- INFORMATION SUPPLIED

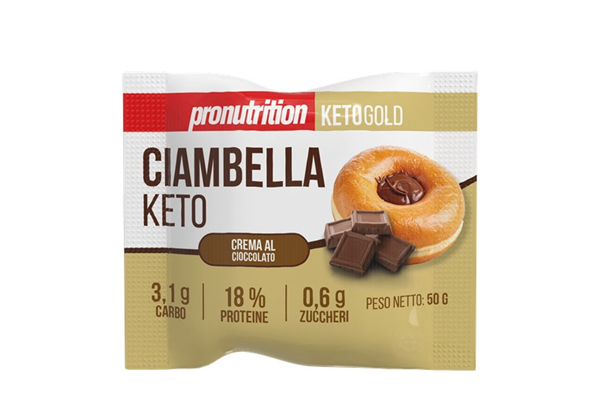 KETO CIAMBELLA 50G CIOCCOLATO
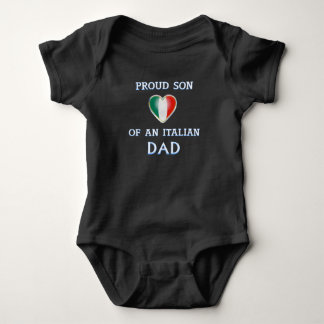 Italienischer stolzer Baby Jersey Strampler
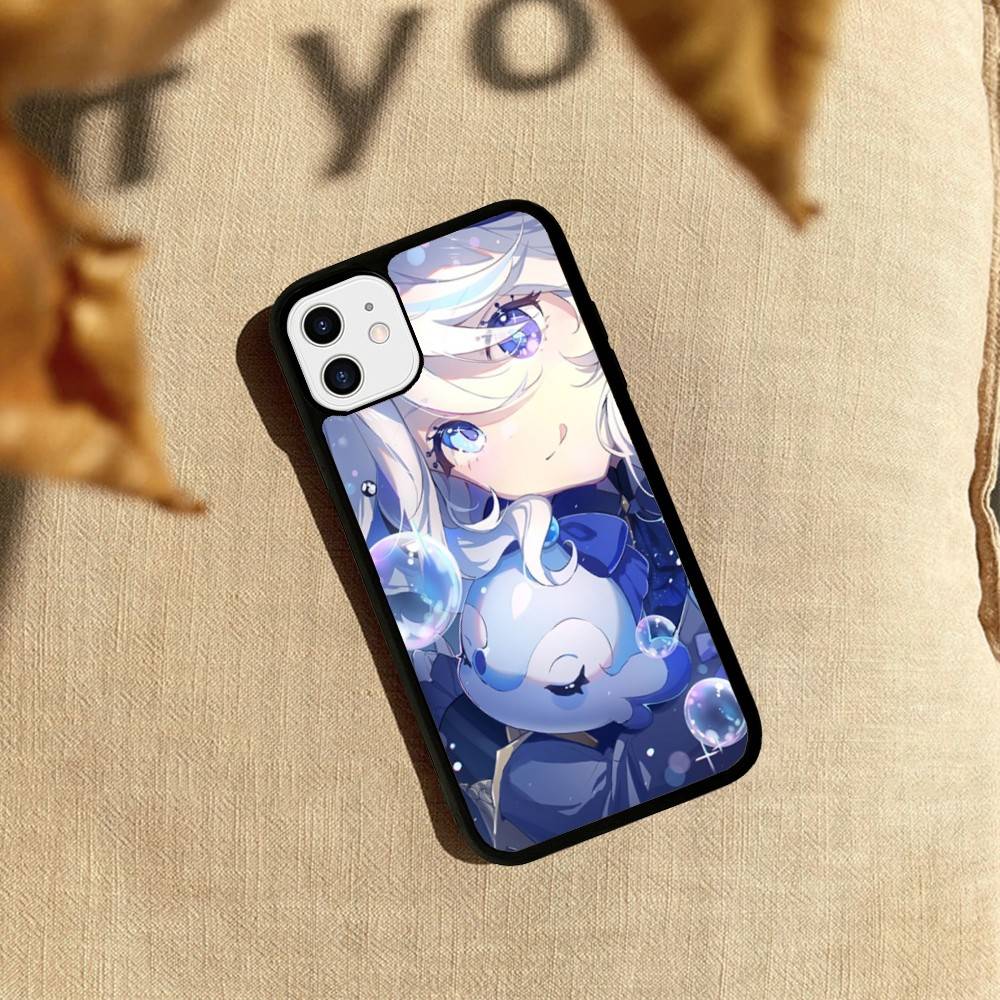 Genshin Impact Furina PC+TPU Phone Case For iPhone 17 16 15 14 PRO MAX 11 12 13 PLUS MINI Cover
* * *
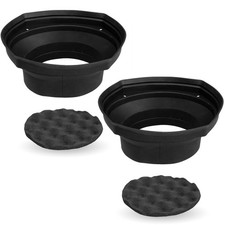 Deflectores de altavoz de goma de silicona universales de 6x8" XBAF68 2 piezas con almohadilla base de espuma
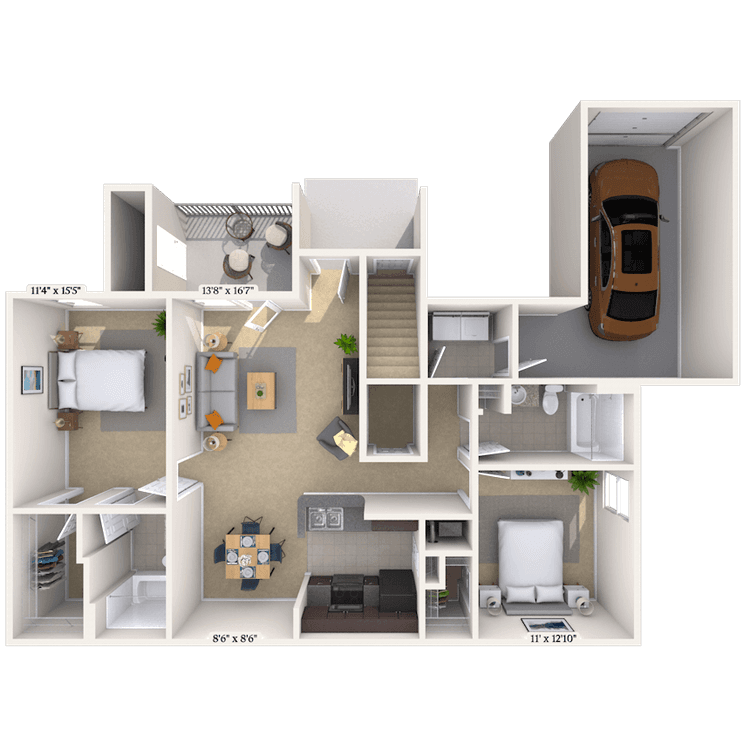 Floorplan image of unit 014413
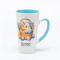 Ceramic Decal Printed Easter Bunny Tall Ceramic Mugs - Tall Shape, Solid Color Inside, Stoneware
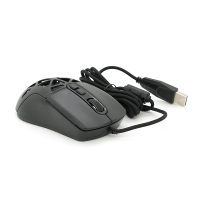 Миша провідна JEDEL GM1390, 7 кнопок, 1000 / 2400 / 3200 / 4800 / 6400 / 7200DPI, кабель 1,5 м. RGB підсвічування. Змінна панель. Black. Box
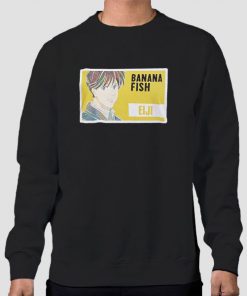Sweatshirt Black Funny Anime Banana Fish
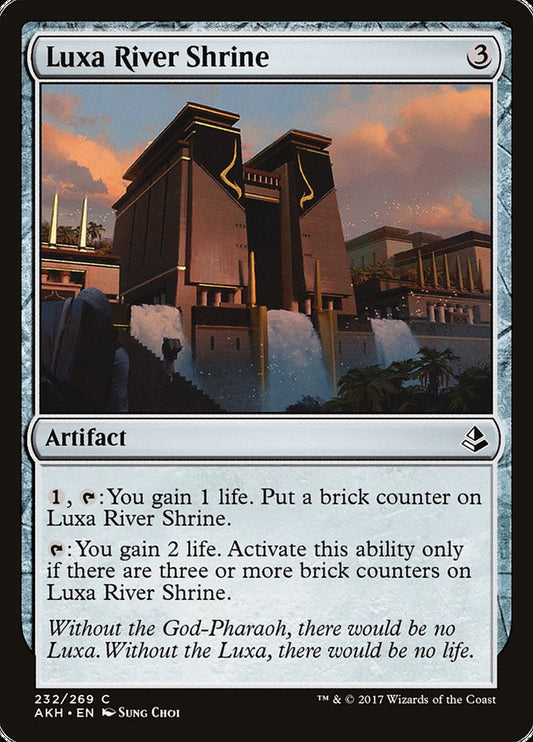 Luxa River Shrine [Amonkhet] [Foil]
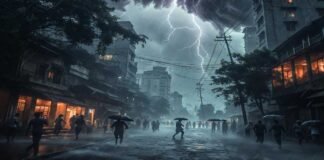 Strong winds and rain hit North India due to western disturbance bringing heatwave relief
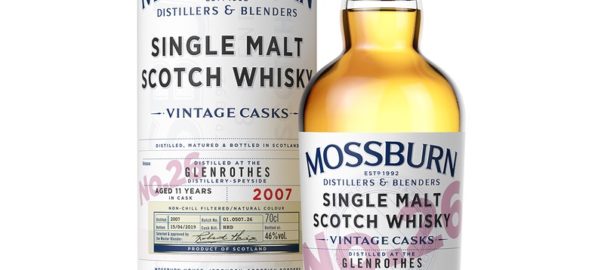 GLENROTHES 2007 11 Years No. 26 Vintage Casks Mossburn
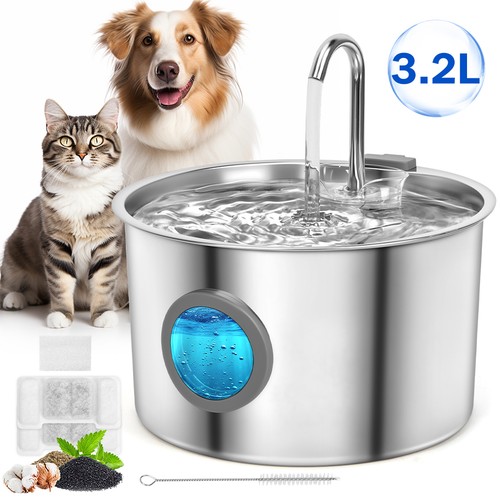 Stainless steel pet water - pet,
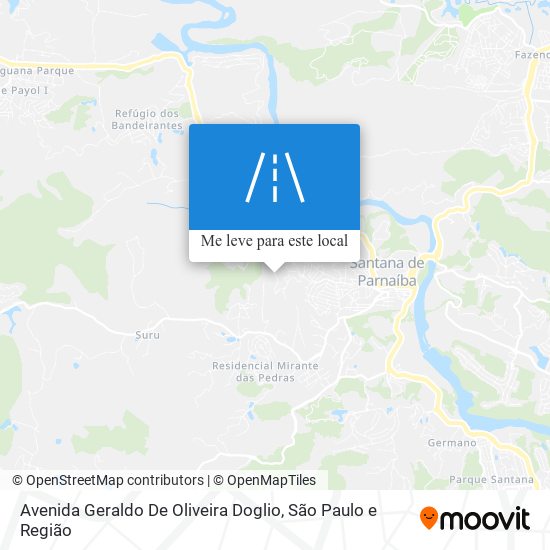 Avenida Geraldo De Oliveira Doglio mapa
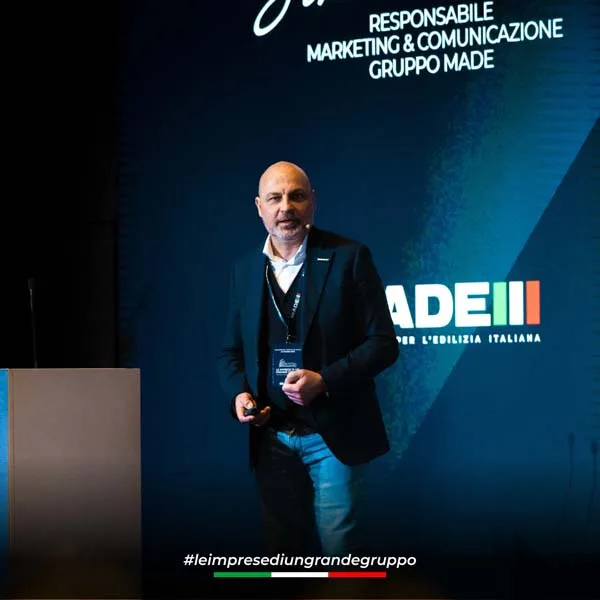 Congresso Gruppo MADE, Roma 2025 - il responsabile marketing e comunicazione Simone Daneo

- PROBLEM STATEMENT
Transcribe only this stretch of the data: the line with "KETO CIAMBELLA 50G CIOCCOLATO", the line with "Genshin Impact Furina", and every line in between. Leave out the pictures.

- ANSWER FOR THIS EXERCISE
 KETO CIAMBELLA 50G CIOCCOLATO
 Italienischer stolzer Baby Jersey Strampler
 Genshin Impact Furina PC+TPU Phone Case For iPhone 17 16 15 14 PRO MAX 11 12 13 PLUS MINI Cover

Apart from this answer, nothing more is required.